Okay, so that’s two clichés — both of which (in some form of another) I uttered during my first breakup. Let’s start with the latter.
It’s not you, it’s me. I take full responsibility for the demise of this relationship. I was too shy to communicate my wants and needs earlier on, and by the time I realized the things that made me unhappy — I didn’t have the drive to try and fix things. I liked you. But that’s the thing — I liked you. I was excited by the idea of falling in love with you. You were — are — smart, funny, talented, and oh so cute with your blue eyes and scruff, but that didn’t do it for me. You were also passive, indecisive, the Robin to a whole world of Batmans. Perhaps I am the victim of one too many works of fiction, but I need a man who, well, is a man. Maybe that’s one of the pitfalls of trying to date when you’re young — being swept up in a whirlwind of whiskey and conversation, only to wake up, weeks later, with the realization that you’re with what Mindy Kaling describes as a “man-child.”

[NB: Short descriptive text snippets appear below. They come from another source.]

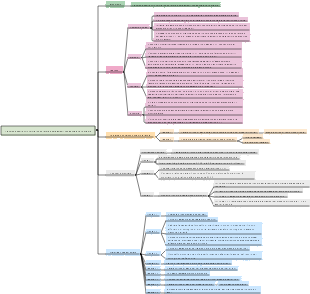 Previsione degli esiti clinici a lungo termine nei pazienti con pericardite ricorrente
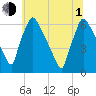 Pompeston Creek tide chart for Thursday, July 1, 2021
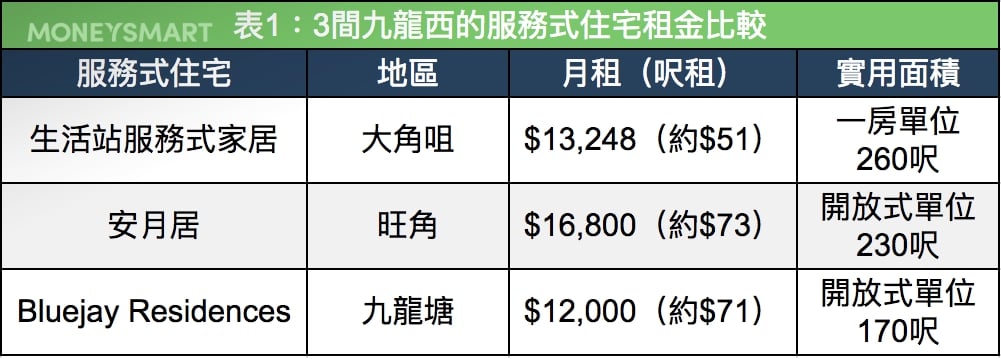 裝修 短租 九龍西 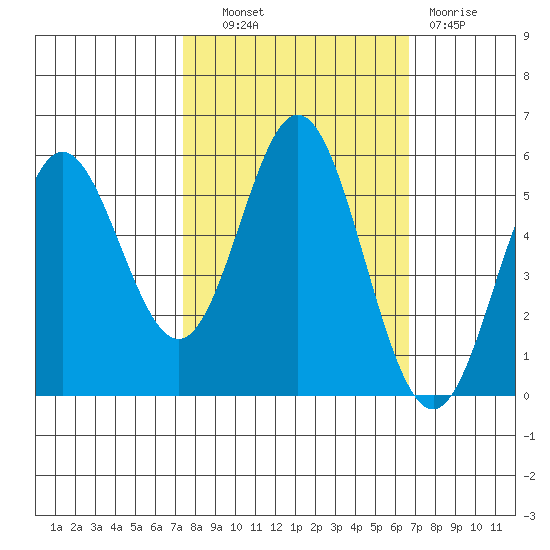 Wedderburn tide chart for Tuesday, October 11, 2022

I’ve come to realize, that people (both men and women) tend to be at wildly varying degrees of accomplishment (referring to jobs, health, and accomplishment in the Jane Austenian sense) during two stages of their life: their 20s and “the end.” How you are functioning at the end of your life depends on many things, but mostly how you lived it and took care of yourself during the time you were given on this planet. Some senior citizens are confined to bedpans and nursing homes, while others can still be found kayaking and roaming the streets of whatever city they decided to use their retirement funds on that week.
The same can be said of people in their 20s. Granted, you’ve only been alive for 20-something years — but during this time you’ve had the opportunity to grow as a person, using whatever books/movies/life experiences that’ve come your way to further yourself and learn. A man encroaching on his mid-to-late 20s, can either be on the cusp of his career — he’s passionate and excited about life, and may be getting his shit together sartorially — or he could still be living in a post-college haze of bro-nights, video games, and shattered illusions of what he though life would be like.

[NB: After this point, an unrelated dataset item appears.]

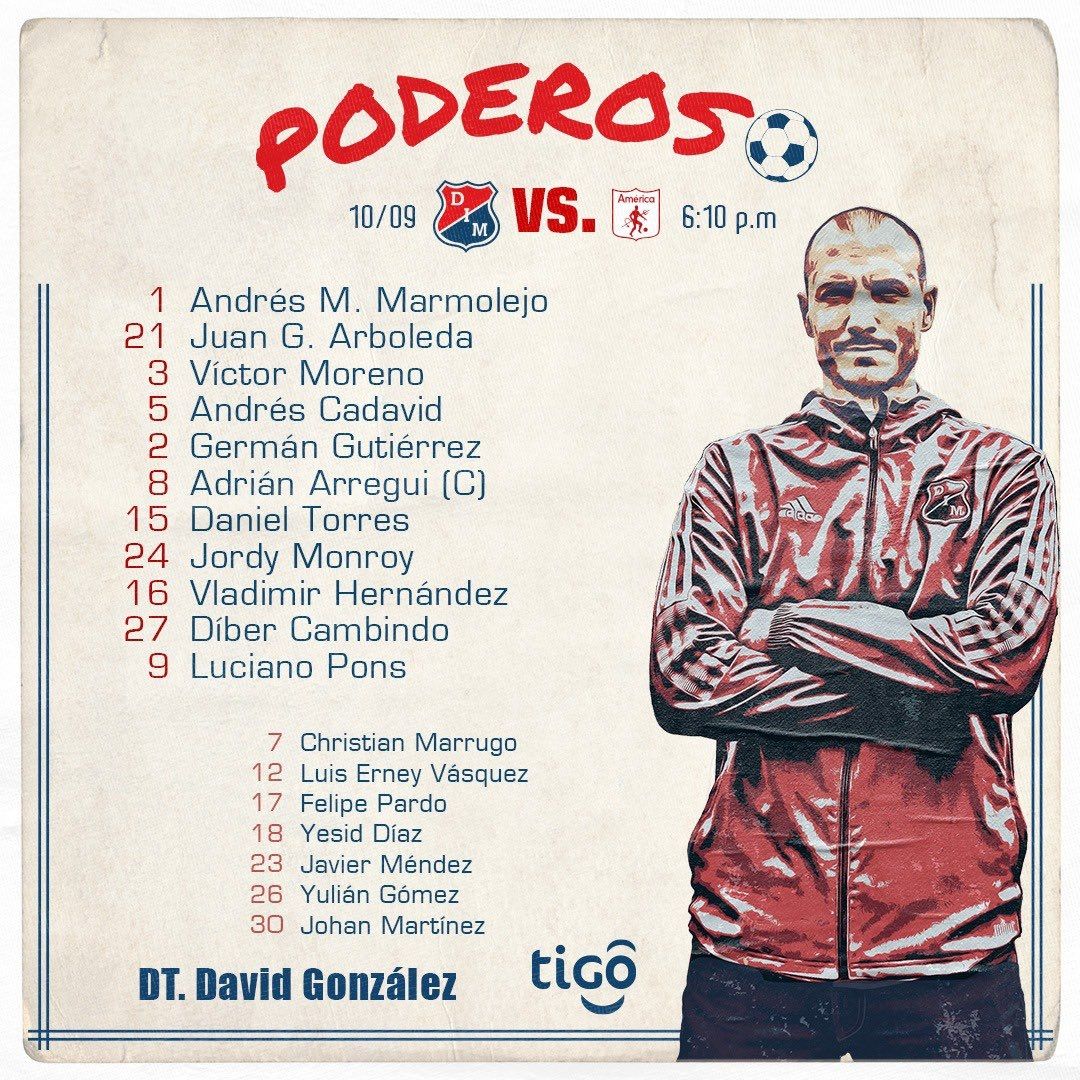 Nómina Medellín América Liga BetPlay 2022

I don’t regret any of it. I loved the excitement I felt every day when things first began to develop — the way my heart would flutter every time you IM’d me — saving me from just another menial day at work. I liked that you felt that I was someone you could confide in — someone who could share in your life’s problems and joys. I loved that you could make my friend’s laugh and that you would invite me to partake in the occasional guy’s night — knowing that I could hold my own in a room of beer, scotch, and invisible cigars.
I learned from this. I learned that I couldn’t deal with your lack of reciprocated questions. I learned that I need to voice my thoughts on us — on what was and wasn’t working. I learned that we were not meant to be. I need a man who is curious about my life and who wants to take me to such-and-such exciting restaurant/movie/place because he thinks it’ll make me happy. Which brings me to…
I think we should just be friends. We were before, and I hoped that by ending things now, we could still be. We had more fun during those times — hanging out in diners late at night, sneaking alcohol into movies, laughing for days with our combined host of friends. I know you’re hurt. Breaking up sucks. I made the mistake of watching Crazy, Stupid, Love and cried myself to sleep that night. Knowing that I was the infliction of your pain made me sick. I wasn’t expecting to feel sad — I thought, for a moment, that I may have made the wrong decision. If breaking up was my choice, shouldn’t I feel better about it? But eventually, I did. I knew that in breaking up with you, I was potentially severing ties with all aspects of our life together, both before and after us. I feel jealous whenever my friends run into you around town — always wishing I was there to see how you are, hoping you’ll realize that you’re over me. I miss us as friends.
It’s not you, it’s me. I think we should just be friends — can we, please?